To urbanites who earn their degrees, earn a living and live a life within the confines of four walls, whether the four walls were on a hilltop or on a riverside or a valley hardly mattered.

The abuse of nature by man in cities is precisely because of this disconnect, it seemed to her. In contrast, the intimate connection that the tribals enjoyed with environment was heartening. The simplicity and wisdom inherent in their way of life stirred her into action.

As she says, “When you connect with something, you learn to value it and you want to bring its essence into your own life. Somewhere deep down I connect with these people and would like to see these cultures preserved for posterity.
There is lot of wisdom in indigenous cultures and it would be a shame to lose it all and perhaps repent later. It is important to recognise the value right now and work towards preserving it. I believe modernity and local cultures can coexist only if we value local cultures enough to embrace them proudly.”

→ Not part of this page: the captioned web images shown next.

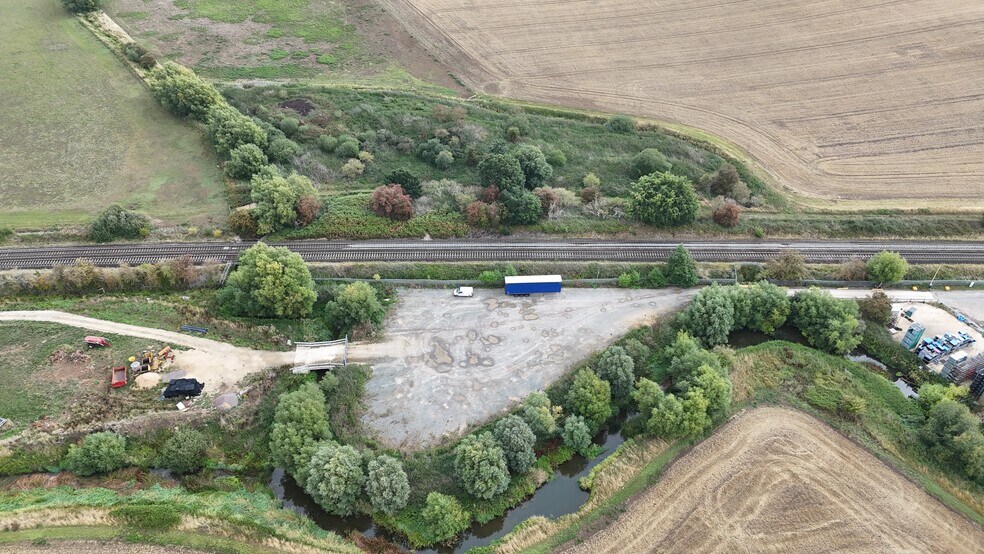 Yard 9, Cherwell Valley Business Park, Banbury à louer - Photo du bâtiment - Image 3 de 4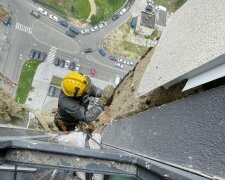 У багатоповерхівці Дарницького району, в яку влучили уламки "шахедів", закінчили розбір конструкцій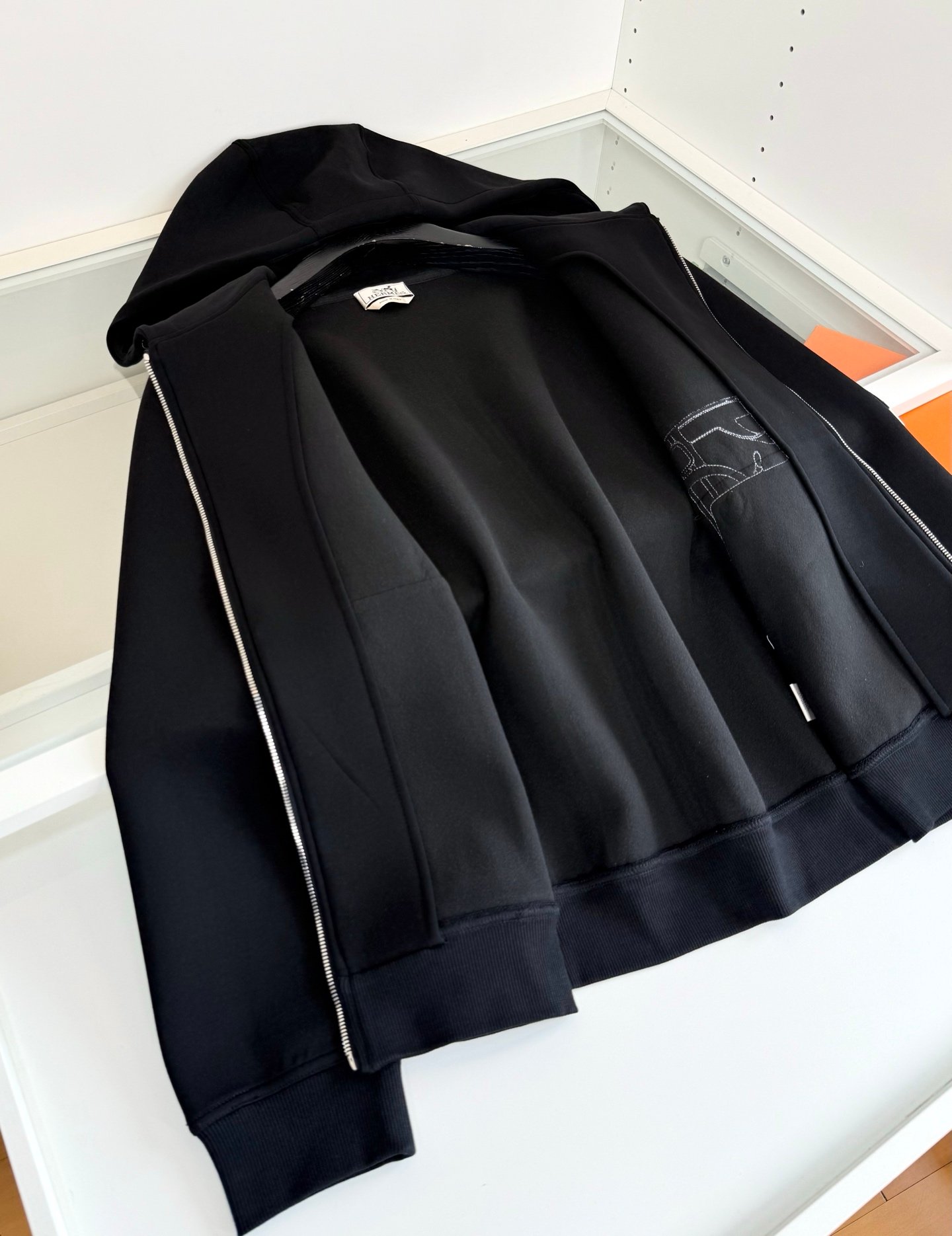 [HERMÈS] 에르메스 레더 패치 자수 후드 집업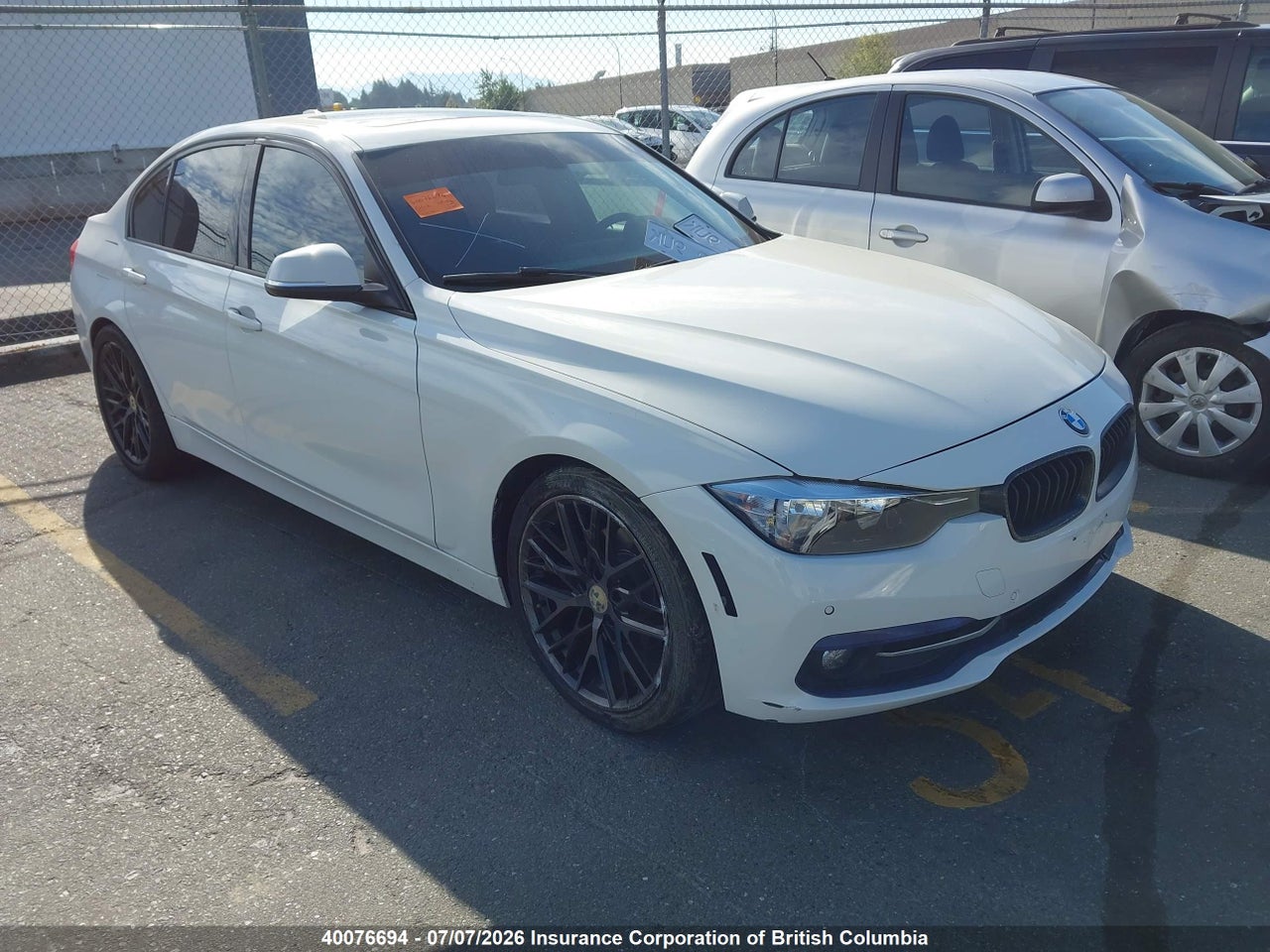 WBA8E5G52GNU19870 · 2016 BMW 320 XI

Tribals as resource persons

What is unique about Buda Folklore is that the tribals themselves are resource persons. They are ‘guides’ on study tours and ‘honorary professors’ at workshops conducted as part of the awareness programmes. Participants get to interact, live and learn from tribal communities in their heartland which is indeed a unique and enriching experience as many of those who attended these programmes would testify to.

Buda also facilitates research and internship programmes for students, social scientists, food technologists and designers. Apart from running these programmes, Savita is associated with various schools where she inspires children to get involved in various projects with very hands-on, on-field learning.

Savita’s philosophy as an educator is that children learn best outside the confines of a classroom. So her classrooms could either be a herbal garden or a riverside, a forest or a tribal village. She conducts workshops as well for the children on different facets of the folk life, be it a workshop on the beverages of the tribes (of which Savita says there are about 300 documented varieties!) or it could be about the 100 varieties of greens and tubers used in daily cooking (leaves one wondering whether global food shortage is really an issue) or it could be about the tribal puzzles and games. The workshop could be also be hands-on study of materials used in their crafts and arts or their rich oral tradition.

Another aspect that sets Buda Folklore apart is that the focus is on educating people about tribal culture, not on commodification of their art. “Commercial activity may give them a living and a reason to hold on to their art, but by just putting a price on their products. We can never learn to value and appreciate the product in its entirety, because there is a cultural context linked with every art form.

Displaying tribal crafts at lifestyle exhibitions in the cities or having a dollu-kunita performance (a tribal dance form) in a mall is meaningless for both the tribals as well as the urbanites, since the context is missing.

The time and effort that goes into making the products or the months of practice behind the performance and the significance behind it all for the entire village which is involved in the preparations just cannot be fathomed as outsiders. If instead the urban folk come to the tribal heartland and interact with them and see them at work, the experience is entirely different! This is part of building that connection which is my buzzword,” Savita says.

Museum and library

Savita has set up a museum and library at Honnavar. The museum has a rich collection of various arts and crafts from the daily and ceremonial lives of the local community. The library with its well-researched database and large collection of books related to folklore is indeed a treasure trove of knowledge.

Talking of future plans, Savita’s dream is to start a learning centre which would act both as a cultural centre and a facilitation centre for the community.
Work has started in part already towards the same, she says. People from urban areas can visit and participate in various programmes to get a better understanding of the tribal culture by experiencing it firsthand. People from rural areas can avail of the facilities at the learning centre to carve out a sustainable livelihood for themselves. One only hopes that Savita’s tribe increases.